This is the thirteenth dialogue of the Ettore Molinario Collection. A dialogue dedicated to that painful, yet conciliatory gesture, which is the tear. On the ragged edge of one of Vali Myers’ most intense portraits, Ed Van Der Elsken and Nan Goldin meet. And by mending the stories of these two extraordinary rebels and the communities in which they lived, I invite you to follow our next appointments.
That gesture tells everything, the vocation to a subjective gaze, extraordinarily autobiographical in revolt, in suffering, in the search for authenticity. And the emblematic gesture is the tear that reinvents and makes unique the portrait of Vali Myers, alias Ann, protagonist of Love on the Left Bank, a revolutionary book by Ed Van Der Elsken, who in the 1950s explores the youth revolt among cafes, pavements, the caves of the existentialist Saint-Germain-des-Prés, in Paris. The story is enlightening: Gerd Sander was very fond of Van Der Elsken’s work; the two had met, Sander had expressed his enthusiasm precisely for that image and without a second thought Van Der Elsken had torn the print from the album which contained it and had offered it to the gallery owner and nephew of the great German photographer.

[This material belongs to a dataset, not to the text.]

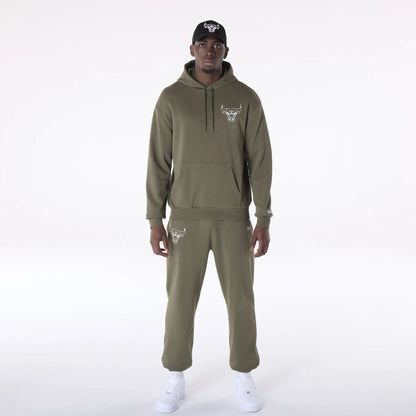 The Male model is wearing Chicago Bulls NBA League Essential Green Oversized Pullover Hoodie 3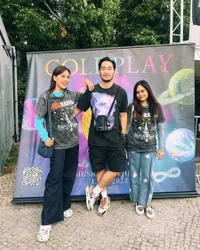 8 Potret Syahnaz Sadiqah Nonton Konser Coldplay di Jerman, Mama Amy Ikut Nyanyi Sambil Joget Terbawa Suasana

If Gerd Sander, also a very refined printer of his grandfather’s work, jealously preserved this imperfect image according to the classic criteria of conservation, if Julian Sander presented it at the latest Paris Photo in the exhibition-homage to his father, who passed away the year last, and if today this image is part of a collection that has in its DNA the uprooting from the norm and the exploration of the underground, it is precisely because this image, on the edge of laceration, has the power to tell and bring together many lives.
Of course it is the life of Ed Van Der Elsken and his community living on the sidelines of the law, with which he identifies and grows as an author – «I want to photograph people like me» said the Dutch photographer – and of which he narrates loves, violence, births, sex, disease, pain, illusions, death. And of course thirty years later in this «tribe», as Vali Myers called it, found herself Nan Goldin, soul of The Ballad of the Sexual Dependency, exhibited for the first time in Arles in 1986, she who considered Ed Van Der Elsken «a lover or a brother» at her side in the dive in the Bowery, among the protagonists of the New York underground. In place of Vali, Cookie Mueller, Trixie, Susan and their companions appear. Living, shooting and self portraying is the only rule, and even after moving to Paris, Nan Goldin enters and lives in the happily contested community of Le Carrousel, and in the capital’s most famous cabaret en travesti she portrays her star, Kim Harlow, posing in the dressing room. Again it is a hugging look, a new family, again it is finding yourself at the center because at the margins, again it is courage, freedom. Miracle of the hands that tear, caress, dance, mend.